DATA TO EXAMINE

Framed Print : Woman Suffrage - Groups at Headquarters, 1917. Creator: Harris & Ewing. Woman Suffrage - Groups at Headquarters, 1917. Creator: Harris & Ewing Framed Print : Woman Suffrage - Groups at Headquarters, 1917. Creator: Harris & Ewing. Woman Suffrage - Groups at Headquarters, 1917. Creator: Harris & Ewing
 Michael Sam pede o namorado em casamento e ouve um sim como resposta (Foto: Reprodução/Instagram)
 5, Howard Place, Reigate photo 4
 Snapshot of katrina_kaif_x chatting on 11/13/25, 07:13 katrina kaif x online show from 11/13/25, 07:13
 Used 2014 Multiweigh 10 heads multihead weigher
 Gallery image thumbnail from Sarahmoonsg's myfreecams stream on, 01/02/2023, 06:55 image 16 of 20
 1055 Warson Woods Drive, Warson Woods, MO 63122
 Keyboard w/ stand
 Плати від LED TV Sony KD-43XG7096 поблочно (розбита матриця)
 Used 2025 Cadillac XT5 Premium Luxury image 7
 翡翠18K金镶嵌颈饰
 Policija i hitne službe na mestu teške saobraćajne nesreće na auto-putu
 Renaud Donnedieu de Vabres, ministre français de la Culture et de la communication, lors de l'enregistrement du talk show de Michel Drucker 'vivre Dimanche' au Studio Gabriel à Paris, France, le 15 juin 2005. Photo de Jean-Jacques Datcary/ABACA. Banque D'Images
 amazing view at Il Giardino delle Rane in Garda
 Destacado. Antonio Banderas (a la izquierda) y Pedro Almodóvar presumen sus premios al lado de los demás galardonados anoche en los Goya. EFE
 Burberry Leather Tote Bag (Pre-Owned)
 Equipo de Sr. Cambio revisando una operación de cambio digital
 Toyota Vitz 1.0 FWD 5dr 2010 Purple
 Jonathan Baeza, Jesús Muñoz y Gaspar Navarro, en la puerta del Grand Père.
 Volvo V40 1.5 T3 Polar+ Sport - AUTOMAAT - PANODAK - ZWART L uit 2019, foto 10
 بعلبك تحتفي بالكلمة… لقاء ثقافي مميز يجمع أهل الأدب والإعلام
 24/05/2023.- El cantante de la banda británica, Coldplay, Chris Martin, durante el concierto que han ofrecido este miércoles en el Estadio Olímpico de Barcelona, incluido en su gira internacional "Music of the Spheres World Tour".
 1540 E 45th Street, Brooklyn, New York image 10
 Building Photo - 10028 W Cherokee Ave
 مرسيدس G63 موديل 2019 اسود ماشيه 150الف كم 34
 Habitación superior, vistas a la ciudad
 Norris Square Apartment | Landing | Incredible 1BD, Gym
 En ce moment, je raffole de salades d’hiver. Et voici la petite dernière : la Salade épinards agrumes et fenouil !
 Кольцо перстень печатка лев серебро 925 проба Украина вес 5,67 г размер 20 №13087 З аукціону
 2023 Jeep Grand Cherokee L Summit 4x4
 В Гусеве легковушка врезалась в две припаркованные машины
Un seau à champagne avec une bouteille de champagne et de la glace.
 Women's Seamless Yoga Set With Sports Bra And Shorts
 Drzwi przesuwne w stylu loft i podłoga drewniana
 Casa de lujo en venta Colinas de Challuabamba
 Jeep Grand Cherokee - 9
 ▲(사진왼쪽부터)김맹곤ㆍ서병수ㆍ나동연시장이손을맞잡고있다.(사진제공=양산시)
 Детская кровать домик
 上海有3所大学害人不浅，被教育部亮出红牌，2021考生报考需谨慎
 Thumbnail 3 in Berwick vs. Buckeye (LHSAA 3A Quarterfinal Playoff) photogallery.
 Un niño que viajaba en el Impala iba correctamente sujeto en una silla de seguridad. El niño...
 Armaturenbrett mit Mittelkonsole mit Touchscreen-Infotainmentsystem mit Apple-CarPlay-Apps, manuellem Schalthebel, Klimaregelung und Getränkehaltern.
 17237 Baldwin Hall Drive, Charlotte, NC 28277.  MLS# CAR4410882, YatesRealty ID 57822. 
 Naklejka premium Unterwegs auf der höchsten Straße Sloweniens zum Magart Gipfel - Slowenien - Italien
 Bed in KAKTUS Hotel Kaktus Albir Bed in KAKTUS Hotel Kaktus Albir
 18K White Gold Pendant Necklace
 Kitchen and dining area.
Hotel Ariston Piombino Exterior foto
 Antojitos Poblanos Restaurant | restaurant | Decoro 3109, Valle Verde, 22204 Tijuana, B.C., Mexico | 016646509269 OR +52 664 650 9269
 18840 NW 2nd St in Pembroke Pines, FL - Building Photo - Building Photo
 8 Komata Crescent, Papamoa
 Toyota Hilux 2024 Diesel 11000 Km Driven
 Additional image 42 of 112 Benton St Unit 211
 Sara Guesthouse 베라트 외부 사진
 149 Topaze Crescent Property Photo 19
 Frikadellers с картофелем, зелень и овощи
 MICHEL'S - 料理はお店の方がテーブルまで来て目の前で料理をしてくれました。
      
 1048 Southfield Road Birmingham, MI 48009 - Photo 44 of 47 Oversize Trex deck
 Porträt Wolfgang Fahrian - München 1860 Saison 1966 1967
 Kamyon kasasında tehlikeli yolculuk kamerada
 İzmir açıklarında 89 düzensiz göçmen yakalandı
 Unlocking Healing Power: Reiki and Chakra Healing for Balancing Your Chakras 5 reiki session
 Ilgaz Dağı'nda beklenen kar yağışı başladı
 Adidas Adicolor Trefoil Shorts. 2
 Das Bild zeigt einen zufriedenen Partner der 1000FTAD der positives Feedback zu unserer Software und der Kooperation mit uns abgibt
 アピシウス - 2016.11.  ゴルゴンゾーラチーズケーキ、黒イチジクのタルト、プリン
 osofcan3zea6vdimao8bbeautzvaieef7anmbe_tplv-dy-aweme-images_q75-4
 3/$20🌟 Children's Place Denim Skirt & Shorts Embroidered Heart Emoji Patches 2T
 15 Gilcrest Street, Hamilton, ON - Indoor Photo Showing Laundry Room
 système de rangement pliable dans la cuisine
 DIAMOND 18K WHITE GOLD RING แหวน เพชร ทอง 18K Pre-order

EXERCISE
Could the entire listing be repeated exactly as written?

SOLVED PROBLEM
Framed Print : Woman Suffrage - Groups at Headquarters, 1917. Creator: Harris & Ewing. Woman Suffrage - Groups at Headquarters, 1917. Creator: Harris & Ewing Framed Print : Woman Suffrage - Groups at Headquarters, 1917. Creator: Harris & Ewing. Woman Suffrage - Groups at Headquarters, 1917. Creator: Harris & Ewing
 Michael Sam pede o namorado em casamento e ouve um sim como resposta (Foto: Reprodução/Instagram)
 5, Howard Place, Reigate photo 4
 Snapshot of katrina_kaif_x chatting on 11/13/25, 07:13 katrina kaif x online show from 11/13/25, 07:13
 Used 2014 Multiweigh 10 heads multihead weigher
 Gallery image thumbnail from Sarahmoonsg's myfreecams stream on, 01/02/2023, 06:55 image 16 of 20
 1055 Warson Woods Drive, Warson Woods, MO 63122
 Keyboard w/ stand
 Плати від LED TV Sony KD-43XG7096 поблочно (розбита матриця)
 Used 2025 Cadillac XT5 Premium Luxury image 7
 翡翠18K金镶嵌颈饰
 Policija i hitne službe na mestu teške saobraćajne nesreće na auto-putu
 Renaud Donnedieu de Vabres, ministre français de la Culture et de la communication, lors de l'enregistrement du talk show de Michel Drucker 'vivre Dimanche' au Studio Gabriel à Paris, France, le 15 juin 2005. Photo de Jean-Jacques Datcary/ABACA. Banque D'Images
 amazing view at Il Giardino delle Rane in Garda
 Destacado. Antonio Banderas (a la izquierda) y Pedro Almodóvar presumen sus premios al lado de los demás galardonados anoche en los Goya. EFE
 Burberry Leather Tote Bag (Pre-Owned)
 Equipo de Sr. Cambio revisando una operación de cambio digital
 Toyota Vitz 1.0 FWD 5dr 2010 Purple
 Jonathan Baeza, Jesús Muñoz y Gaspar Navarro, en la puerta del Grand Père.
 Volvo V40 1.5 T3 Polar+ Sport - AUTOMAAT - PANODAK - ZWART L uit 2019, foto 10
 بعلبك تحتفي بالكلمة… لقاء ثقافي مميز يجمع أهل الأدب والإعلام
 24/05/2023.- El cantante de la banda británica, Coldplay, Chris Martin, durante el concierto que han ofrecido este miércoles en el Estadio Olímpico de Barcelona, incluido en su gira internacional "Music of the Spheres World Tour".
 1540 E 45th Street, Brooklyn, New York image 10
 Building Photo - 10028 W Cherokee Ave
 مرسيدس G63 موديل 2019 اسود ماشيه 150الف كم 34
 Habitación superior, vistas a la ciudad
 Norris Square Apartment | Landing | Incredible 1BD, Gym
 En ce moment, je raffole de salades d’hiver. Et voici la petite dernière : la Salade épinards agrumes et fenouil !
 Кольцо перстень печатка лев серебро 925 проба Украина вес 5,67 г размер 20 №13087 З аукціону
 2023 Jeep Grand Cherokee L Summit 4x4
 В Гусеве легковушка врезалась в две припаркованные машины
Un seau à champagne avec une bouteille de champagne et de la glace.
 Women's Seamless Yoga Set With Sports Bra And Shorts
 Drzwi przesuwne w stylu loft i podłoga drewniana
 Casa de lujo en venta Colinas de Challuabamba
 Jeep Grand Cherokee - 9
 ▲(사진왼쪽부터)김맹곤ㆍ서병수ㆍ나동연시장이손을맞잡고있다.(사진제공=양산시)
 Детская кровать домик
 上海有3所大学害人不浅，被教育部亮出红牌，2021考生报考需谨慎
 Thumbnail 3 in Berwick vs. Buckeye (LHSAA 3A Quarterfinal Playoff) photogallery.
 Un niño que viajaba en el Impala iba correctamente sujeto en una silla de seguridad. El niño...
 Armaturenbrett mit Mittelkonsole mit Touchscreen-Infotainmentsystem mit Apple-CarPlay-Apps, manuellem Schalthebel, Klimaregelung und Getränkehaltern.
 17237 Baldwin Hall Drive, Charlotte, NC 28277.  MLS# CAR4410882, YatesRealty ID 57822. 
 Naklejka premium Unterwegs auf der höchsten Straße Sloweniens zum Magart Gipfel - Slowenien - Italien
 Bed in KAKTUS Hotel Kaktus Albir Bed in KAKTUS Hotel Kaktus Albir
 18K White Gold Pendant Necklace
 Kitchen and dining area.
Hotel Ariston Piombino Exterior foto
 Antojitos Poblanos Restaurant | restaurant | Decoro 3109, Valle Verde, 22204 Tijuana, B.C., Mexico | 016646509269 OR +52 664 650 9269
 18840 NW 2nd St in Pembroke Pines, FL - Building Photo - Building Photo
 8 Komata Crescent, Papamoa
 Toyota Hilux 2024 Diesel 11000 Km Driven
 Additional image 42 of 112 Benton St Unit 211
 Sara Guesthouse 베라트 외부 사진
 149 Topaze Crescent Property Photo 19
 Frikadellers с картофелем, зелень и овощи
 MICHEL'S - 料理はお店の方がテーブルまで来て目の前で料理をしてくれました。
      
 1048 Southfield Road Birmingham, MI 48009 - Photo 44 of 47 Oversize Trex deck
 Porträt Wolfgang Fahrian - München 1860 Saison 1966 1967
 Kamyon kasasında tehlikeli yolculuk kamerada
 İzmir açıklarında 89 düzensiz göçmen yakalandı
 Unlocking Healing Power: Reiki and Chakra Healing for Balancing Your Chakras 5 reiki session
 Ilgaz Dağı'nda beklenen kar yağışı başladı
 Adidas Adicolor Trefoil Shorts. 2
 Das Bild zeigt einen zufriedenen Partner der 1000FTAD der positives Feedback zu unserer Software und der Kooperation mit uns abgibt
 アピシウス - 2016.11.  ゴルゴンゾーラチーズケーキ、黒イチジクのタルト、プリン
 osofcan3zea6vdimao8bbeautzvaieef7anmbe_tplv-dy-aweme-images_q75-4
 3/$20🌟 Children's Place Denim Skirt & Shorts Embroidered Heart Emoji Patches 2T
 15 Gilcrest Street, Hamilton, ON - Indoor Photo Showing Laundry Room
 système de rangement pliable dans la cuisine
 DIAMOND 18K WHITE GOLD RING แหวน เพชร ทอง 18K Pre-order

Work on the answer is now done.